Former VP candidate and presumed presidential contender U.S. Rep. Paul Ryan, R-Janesville, is reportedly writing a book about his life and philosophy.
The National Review Online’s Robert Costa, citing an unnamed source close to Ryan, reported this week that the as-yet untitled book will be a mix of “autobiography, political analysis and policy prescriptions,” including Ryan’s years growing up in Janesville and his 2012 campaign with Republican presidential contender Mitt Romney.
Penning an autobiographical or policy book is often a precursor to a presidential run. Barack Obama’s New York Times bestseller, “The Audacity of Hope,” was conveniently released two years before the 2008 presidential election.
In a 2007 story, Times reporter Julie Bosman wrote of the book-to-president phenomenon: “For candidates, writing a book is a way to make money, build gravitas and grab media attention. (They can also use a memoir as a dumping ground for past unpleasantries, paving the way for the campaign-trail line ‘I addressed that in my book.’)”
Ryan spokesman Kevin Seifert said his office “has no comment on this at this time.”
Wisconsin’s other possible GOP presidential contender, Gov. Scott Walker, also has a book in the works.
The ghost of “Fighting Bob” La Follette was in the air Wednesday as U.S. Sen. Tammy Baldwin, who now occupies La Follette’s desk, made her first Senate floor speech.
Baldwin harkened back to the Gilded Age Republican who went on to found the Progressive Party. The Madison Democrat told colleagues Wednesday that “I admire Fighting Bob’s legacy in many ways,” including his concern about the chasm between rich and poor and his wariness of powerful corporate interests.
She vowed to fight for the middle class and disadvantaged, boost manufacturing, support education and work with Republicans to solve problems.
“I’m using this speech — my first here on the Senate floor — to say that I’m ready to work hard, and work with anyone, to make progress on these challenges and help move this great country forward,” Baldwin said.
But she promised one thing she would not emulate: La Follette’s maiden Senate speech in 1906, which Baldwin said “went on for three successive days.”
Baldwin’s first talk? A mere 11 minutes and 15 seconds.
Tough times for
Things have not been easy as of late for a string of Gov. Walker’s spokespeople.
Walker campaign spokeswoman Nicole Tieman announced her sudden departure without explanation late last week in a brief email. She has since started serving 20 days at the Milwaukee County Correctional Facility in Franklin for her second drunken driving conviction.

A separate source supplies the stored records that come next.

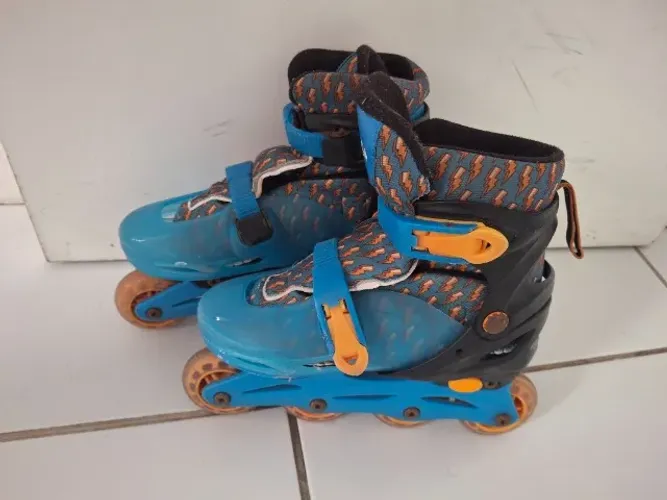 Patins infantil masculino pontuacao 25 a 30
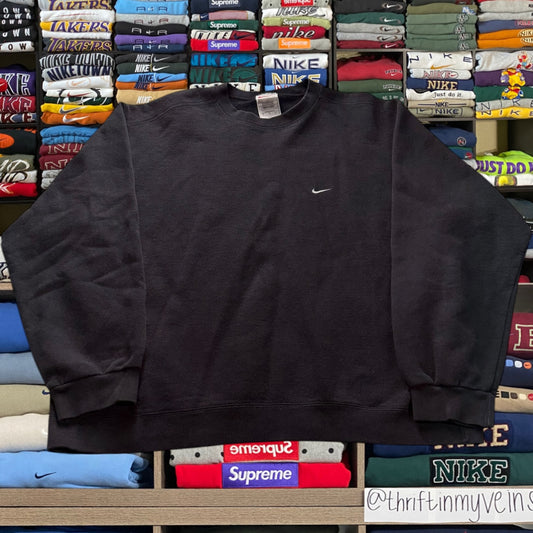 90s black nike sweater (Xlarge)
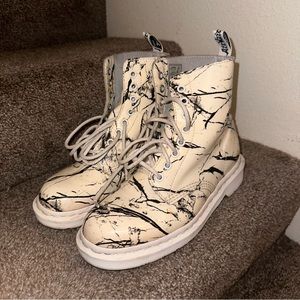 Marble Pascal Dr. Martens boots size 8 womens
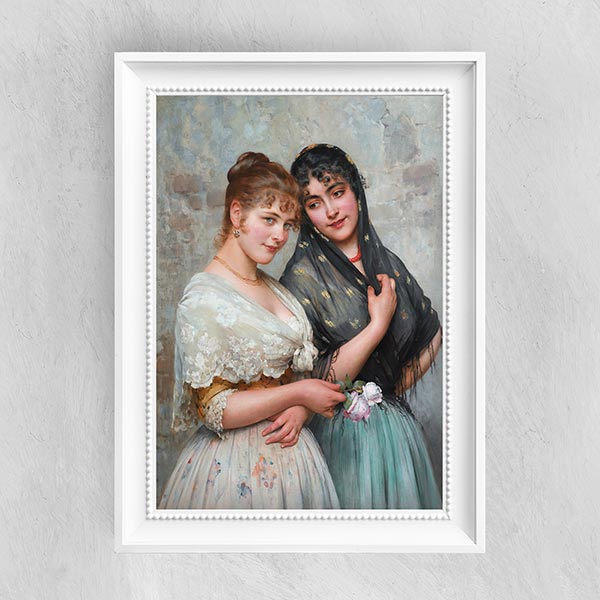 Two Venetian Women - Eugene de Blaas - Fine Art Print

Tieman’s predecessor, Ciara Matthews, didn’t have any legal trouble during her tenure in Wisconsin working for Friends of Scott Walker. But the conservative Republican and strident abortion foe took a lot of flak during Walker’s recall fight after photographs surfaced of her online in her previous job as a Hooters girl.
Before that, two of Walker’s former official spokespeople — Cullen Werwie and Fran McLaughlin — got immunity from prosecution during the sprawling John Doe investigation into his former aides and associates.
Werwie continues to work for the Walker administration, but now as agency communications liaison.